◆ Task requirements
Return the data below unaltered, but strip out the pictures.

_ _ _ _ _

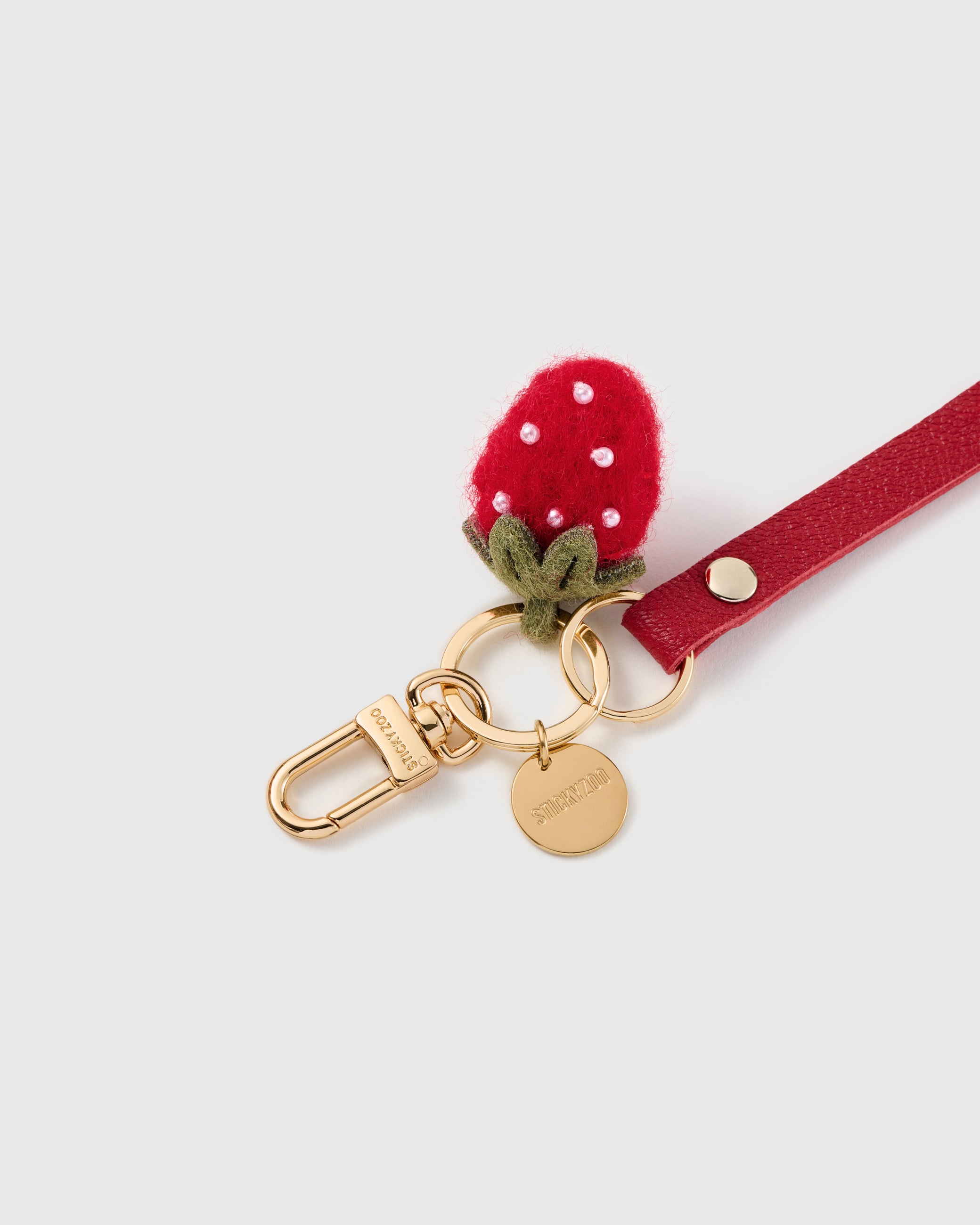 Wild strawberry leather phone strap clipped to a phone case showing the hands-free wrist loop in use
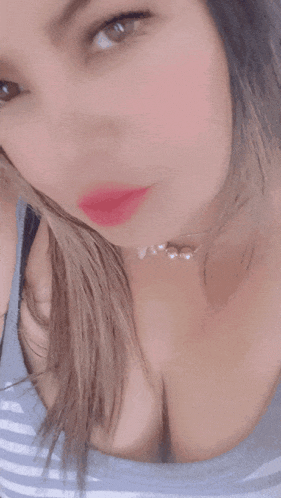 a close up of a woman 's face with a pink lip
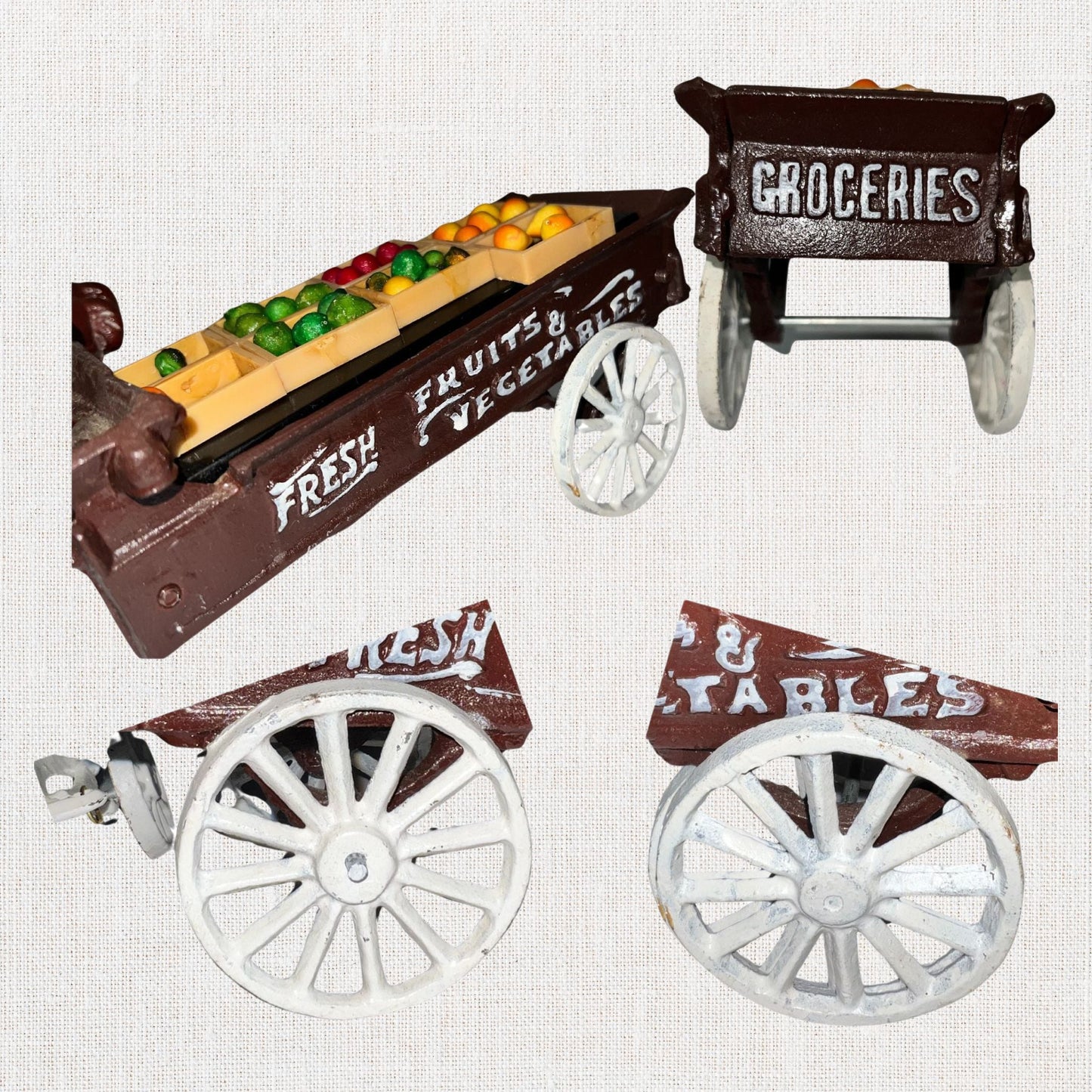 Cast iron horse drawn produce wagon on neutral background, vintage home decor or collectible.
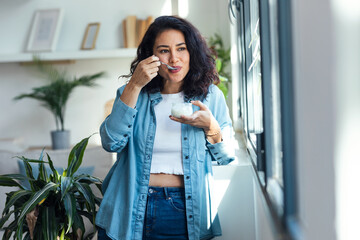 Happy beautiful woman eating yogurt while standing in living room at home.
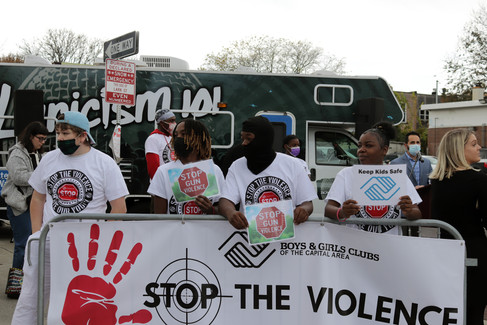 Group of people Stop the Violence holding signs BGCCA Racism 11/11/21 Keep Kids Safe.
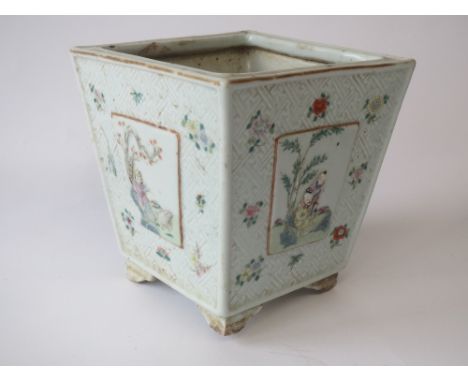 Early C19th Chinese porcelain planter of square section, the sides with four figural panels on a moulded ground painted with 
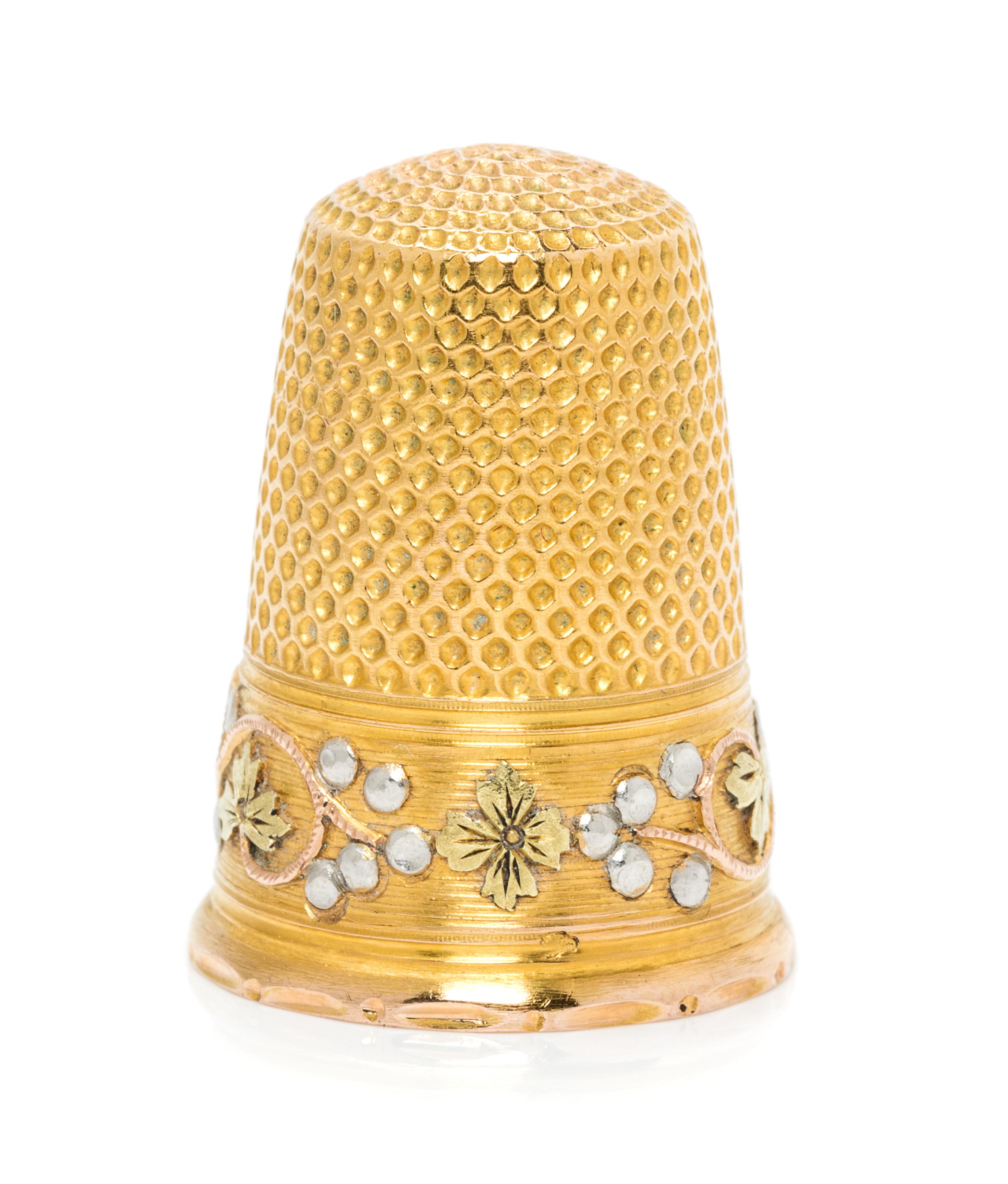 A French Tri-Colored Gold Thimble, , the knurled top and body above a rose, white and yellow gold band worked to show foliate and berry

_ _ _ _ _

◆ Problem solution
 Wild strawberry leather phone strap clipped to a phone case showing the hands-free wrist loop in use
 a close up of a woman 's face with a pink lip
 Cast iron horse drawn produce wagon on neutral background, vintage home decor or collectible.
 Happy beautiful woman eating yogurt while standing in living room at home.
 Group of people Stop the Violence holding signs BGCCA Racism 11/11/21 Keep Kids Safe.
 Early C19th Chinese porcelain planter of square section, the sides with four figural panels on a moulded ground painted with 
 A French Tri-Colored Gold Thimble, , the knurled top and body above a rose, white and yellow gold band worked to show foliate and berry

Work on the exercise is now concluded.